Darah mengotori dinding dan tanah di tempat yang biasanya tenang dan membantu pasien pulih.
“Tempat ini menciptakan tempat berlindung yang aman bagi perempuan dan anak-anak, mereka yang lolos dari pengeboman Israel ke rumah sakit ini, mereka yang melihat tempat ini sebagai tempat berlindung yang aman,” kata Naqa.
“Tanpa peringatan, rumah sakit ini menjadi sasaran. Kami tidak tahu apa sebutan dari peluru tersebut, tetapi kami melihat akibat yang ditimbulkan ketika peluru tersebut menargetkan anak-anak dan mencabik-cabik tubuh mereka.”
Jumlah korban tewas akibat ledakan di rumah sakit sejauh ini merupakan yang tertinggi dari semua insiden di Gaza selama kekerasan yang terjadi saat ini, dan terjadi protes di Tepi Barat yang diduduki dan wilayah yang lebih luas, termasuk di Yordania dan Turki.

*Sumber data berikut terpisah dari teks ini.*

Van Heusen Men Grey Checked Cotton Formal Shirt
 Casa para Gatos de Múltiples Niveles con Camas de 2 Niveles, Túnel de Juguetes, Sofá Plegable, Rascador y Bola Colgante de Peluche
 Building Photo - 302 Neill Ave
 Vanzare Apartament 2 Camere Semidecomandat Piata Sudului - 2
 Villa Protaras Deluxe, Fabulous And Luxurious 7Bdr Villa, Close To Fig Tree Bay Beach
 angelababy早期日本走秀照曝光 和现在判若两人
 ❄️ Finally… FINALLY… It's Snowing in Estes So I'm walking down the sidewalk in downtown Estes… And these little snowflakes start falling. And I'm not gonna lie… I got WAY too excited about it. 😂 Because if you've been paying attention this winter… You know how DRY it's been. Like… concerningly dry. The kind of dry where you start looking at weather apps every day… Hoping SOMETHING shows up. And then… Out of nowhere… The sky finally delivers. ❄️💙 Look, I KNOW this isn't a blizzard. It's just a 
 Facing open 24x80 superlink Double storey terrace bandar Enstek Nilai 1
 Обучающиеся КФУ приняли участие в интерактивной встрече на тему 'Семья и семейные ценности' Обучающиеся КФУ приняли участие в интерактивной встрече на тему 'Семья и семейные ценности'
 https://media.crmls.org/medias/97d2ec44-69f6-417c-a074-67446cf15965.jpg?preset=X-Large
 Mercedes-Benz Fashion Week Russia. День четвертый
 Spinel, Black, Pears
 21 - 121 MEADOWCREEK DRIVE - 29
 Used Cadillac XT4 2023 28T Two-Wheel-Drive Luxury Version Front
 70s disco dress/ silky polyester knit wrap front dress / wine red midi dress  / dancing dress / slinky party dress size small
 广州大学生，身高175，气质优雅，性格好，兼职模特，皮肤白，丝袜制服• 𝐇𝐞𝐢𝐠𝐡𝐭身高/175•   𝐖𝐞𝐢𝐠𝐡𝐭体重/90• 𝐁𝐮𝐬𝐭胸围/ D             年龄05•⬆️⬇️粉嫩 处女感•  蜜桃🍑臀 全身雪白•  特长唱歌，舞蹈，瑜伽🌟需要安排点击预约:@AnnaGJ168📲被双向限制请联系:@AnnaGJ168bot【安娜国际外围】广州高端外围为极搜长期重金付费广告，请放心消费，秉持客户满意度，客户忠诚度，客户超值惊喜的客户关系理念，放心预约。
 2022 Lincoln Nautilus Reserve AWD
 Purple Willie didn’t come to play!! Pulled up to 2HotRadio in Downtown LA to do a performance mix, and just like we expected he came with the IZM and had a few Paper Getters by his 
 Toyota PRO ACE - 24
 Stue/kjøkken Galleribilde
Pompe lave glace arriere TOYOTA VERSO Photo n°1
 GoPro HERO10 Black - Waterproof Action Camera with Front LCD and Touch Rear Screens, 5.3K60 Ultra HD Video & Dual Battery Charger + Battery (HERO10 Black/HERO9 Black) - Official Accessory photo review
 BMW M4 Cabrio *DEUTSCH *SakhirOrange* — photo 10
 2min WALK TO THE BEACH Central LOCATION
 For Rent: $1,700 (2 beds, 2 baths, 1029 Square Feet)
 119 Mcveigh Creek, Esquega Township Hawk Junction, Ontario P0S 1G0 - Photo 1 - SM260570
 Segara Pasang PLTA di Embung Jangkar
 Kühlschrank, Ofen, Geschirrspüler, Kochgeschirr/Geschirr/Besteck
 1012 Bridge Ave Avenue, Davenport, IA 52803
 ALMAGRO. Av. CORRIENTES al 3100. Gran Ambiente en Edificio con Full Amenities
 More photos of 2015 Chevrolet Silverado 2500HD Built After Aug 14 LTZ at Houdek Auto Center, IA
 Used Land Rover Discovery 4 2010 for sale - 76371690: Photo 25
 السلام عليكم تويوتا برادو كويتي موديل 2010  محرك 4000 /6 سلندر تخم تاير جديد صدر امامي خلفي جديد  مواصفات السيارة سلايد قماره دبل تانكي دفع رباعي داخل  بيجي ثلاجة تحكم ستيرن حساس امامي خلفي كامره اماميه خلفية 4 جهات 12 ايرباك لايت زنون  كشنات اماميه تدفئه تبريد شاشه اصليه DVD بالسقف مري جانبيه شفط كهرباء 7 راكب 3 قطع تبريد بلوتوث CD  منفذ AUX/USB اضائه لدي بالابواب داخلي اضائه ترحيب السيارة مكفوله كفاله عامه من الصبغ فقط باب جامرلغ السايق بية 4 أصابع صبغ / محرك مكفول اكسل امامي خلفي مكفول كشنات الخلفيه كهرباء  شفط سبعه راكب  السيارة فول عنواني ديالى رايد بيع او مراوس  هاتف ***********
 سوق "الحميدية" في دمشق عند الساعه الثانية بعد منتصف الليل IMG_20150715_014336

Dokter asal Inggris-Palestina, Ghassan Abusittah, mengatakan rumah sakit terguncang sepanjang hari karena aksi pemboman itu. Dia mendengar suara desingan rudal sesaat sebelum ledakan besar dan kemudian langit-langit ruang operasi runtuh menimpa dirinya dan dokter lainnya. Di halaman rumah sakit, dia bisa melihat tubuh dan anggota tubuh berceceran di mana-mana. Dia merawat seorang pria yang kakinya patah.
Abusittah mengatakan sistem medis di Gaza runtuh, dan para dokter berjuang keras untuk mendapatkan sumber daya. “Kami kehabisan tenaga. Jumlah pasien terus bertambah,” katanya.
Ledakan tersebut makin mengobarkan krisis di wilayah tersebut setelah Hamas, yang menguasai Jalur Gaza, melancarkan serangan lintas batas terhadap masyarakat di Israel selatan pada 7 Oktober yang menewaskan sedikitnya 1.300 orang dan menyandera sejumlah orang.
Israel membalasnya dengan serangan udara terberat yang pernah terjadi di Jalur Gaza yang diblokade dan mengerahkan pasukan serta tank di perbatasannya.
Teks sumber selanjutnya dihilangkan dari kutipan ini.